Xavier Bettel, Paulette Lenert, Sam Tanson, Luc Frieden. Vier mehr oder weniger bekannte Köpfe, zwei Männer, zwei Frauen, und immerhin eine Überraschung: Zumindest personell wissen die Wählerinnen und Wähler schon heute, wer im kommenden Oktober zur Wahl steht.
Mit Luc Frieden haben dabei die wenigsten gerechnet. Zwar zirkulierte sein Name in CSV-Kreisen schon seit geraumer Zeit. Doch der Zeitpunkt seiner Verkündung war bis zuletzt nur einem kleinen Kreis innerhalb der Partei bekannt. Mit seiner anstehenden Kür hat die Oppositionspartei zumindest einen kleinen Coup gelandet. Luc Frieden ist das Überraschungsmoment in diesem Wahlkampf, aber auch eine große Unbekannte.
Spitzenkandidat als „Disruptor“
Die Personalie Frieden ist für die CSV nämlich ein zweischneidiges Schwert. Einerseits bietet der frühere Finanz- und Justizminister die perfekte Angriffsfläche für Kritiker aus dem linken Parteienlager. Er personifiziert den liberal-konservativen Flügel seiner Partei, steht für die Vergangenheit und ruft eine Reihe von politischen Affären in Erinnerung, die die CSV am liebsten hinter sich lassen würde.
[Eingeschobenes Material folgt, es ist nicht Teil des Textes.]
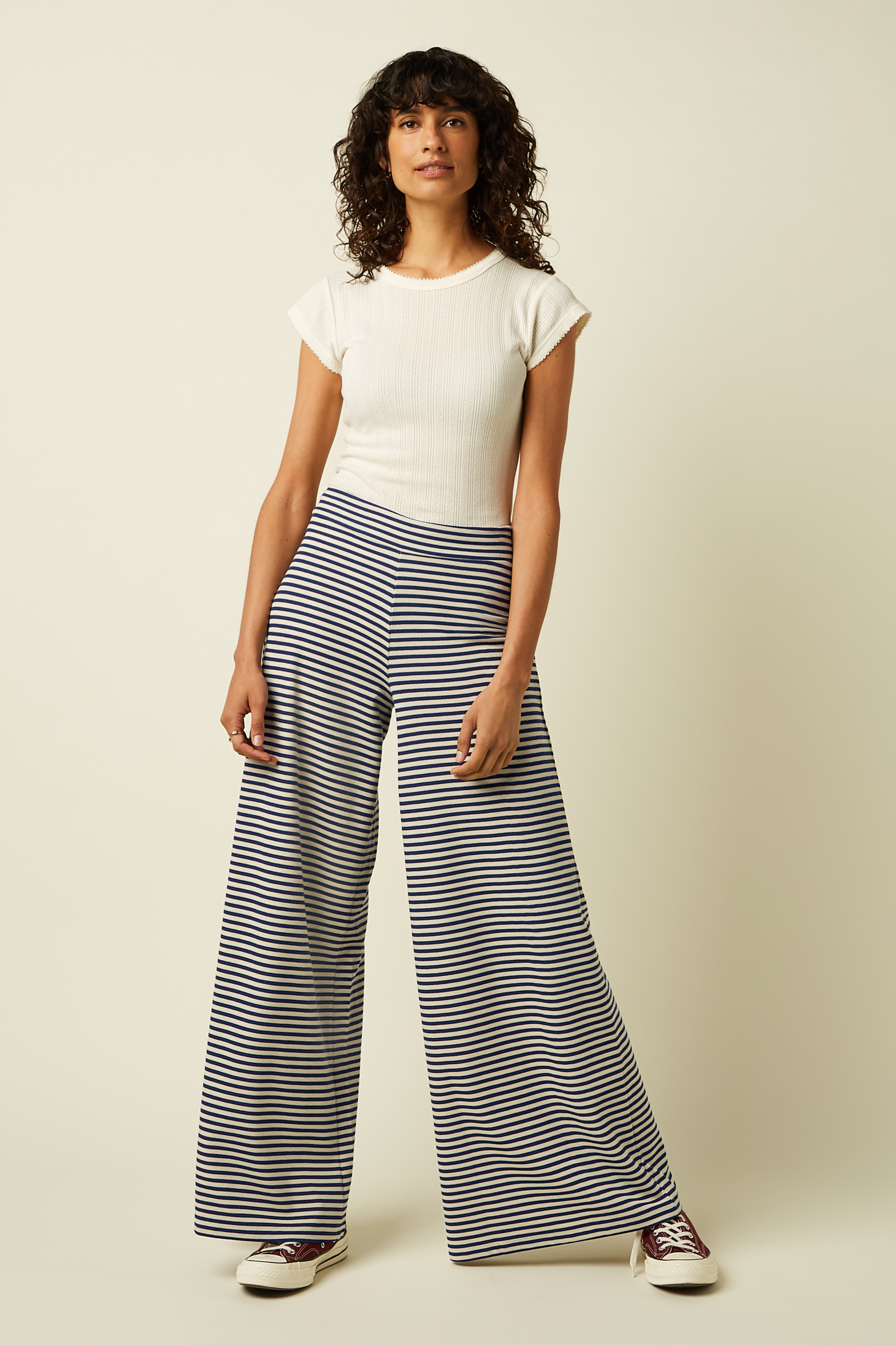 King Louie Border Palazzo Pants Mariniere Stripe Beacon Blue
Andererseits hat Luc Frieden aber auch ein hohes Disruptionspotenzial. Paradoxerweise könnte er gar als Erneuerer einer Partei fungieren, die seit rund zehn Jahren ohne Kompass, Konzept und Inspiration in der Opposition verkümmert. Er könnte der CSV ein klareres Profil verpassen und so zumindest kurzfristig eine neue politische Dynamik entfachen. Der 59-Jährige polarisiert, er ist ein Störfaktor in einer Zeit, in der viele andere Spitzenpolitiker ideologisch austauschbar wirken. Allein deshalb könnte er Bewegung in die eingefahrene politische Landschaft bringen.
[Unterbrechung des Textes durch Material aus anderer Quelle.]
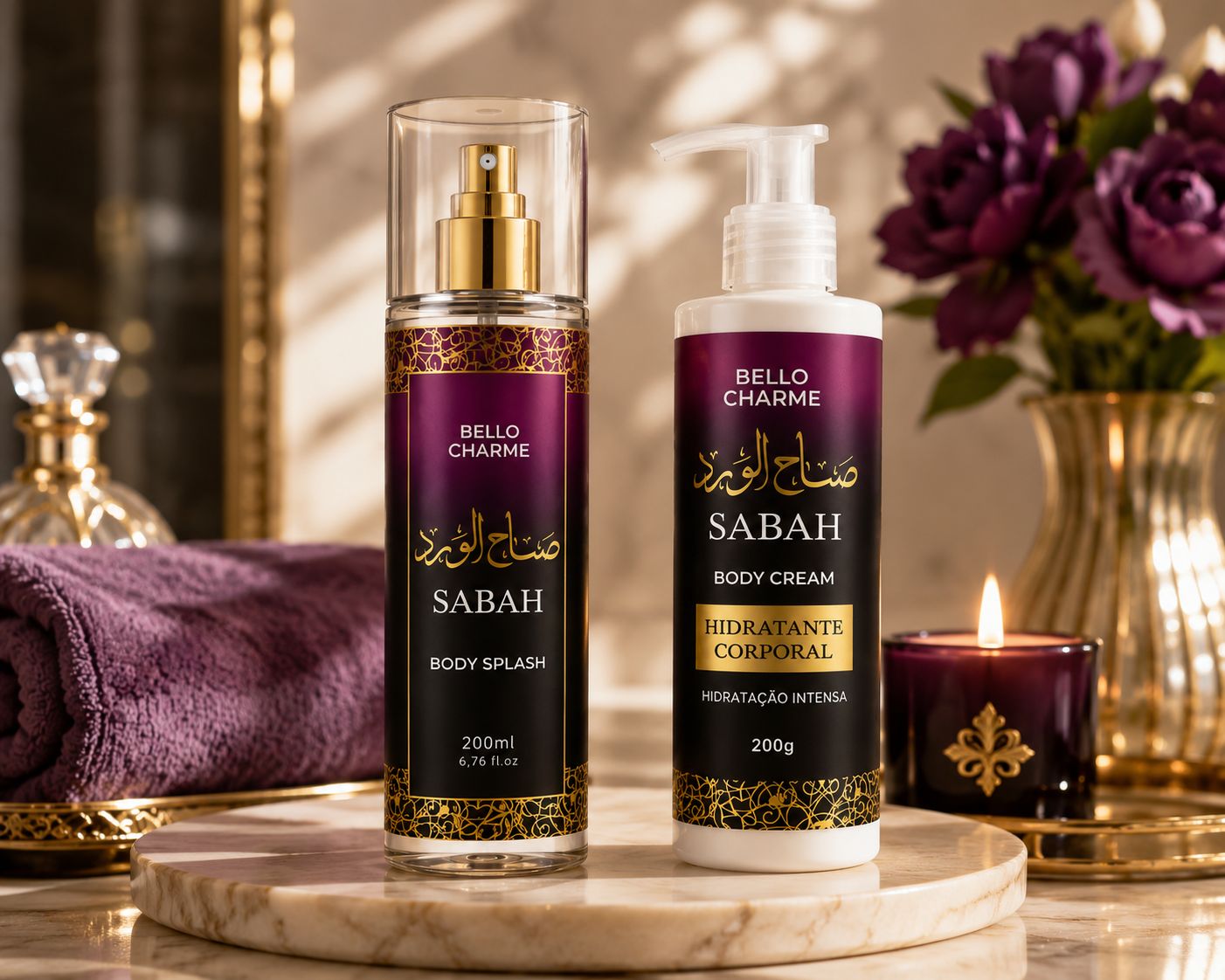 Kit Bello Charme Sabah Body Splash 200ml + Hidratante Corporal 200g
Die dahinter stehende Strategie ist für die CSV aber mit Risiken verbunden. Denn damit sie gelingt, müsste die Partei sich inhaltlich festlegen und dürfte die Ideologie ihres neuen Spitzenkandidaten nicht verleugnen. Zudem müsste sie ihre politisch-strategische Lethargie überwinden und auf Konfrontation setzen. Sie müsste die Regierungsparteien offener angehen und eventuellen Widerstand von anderen Parteien aushalten. Kurz: Die CSV müsste nach zehn Jahren aus ihrem Oppositionsschlaf erwachen.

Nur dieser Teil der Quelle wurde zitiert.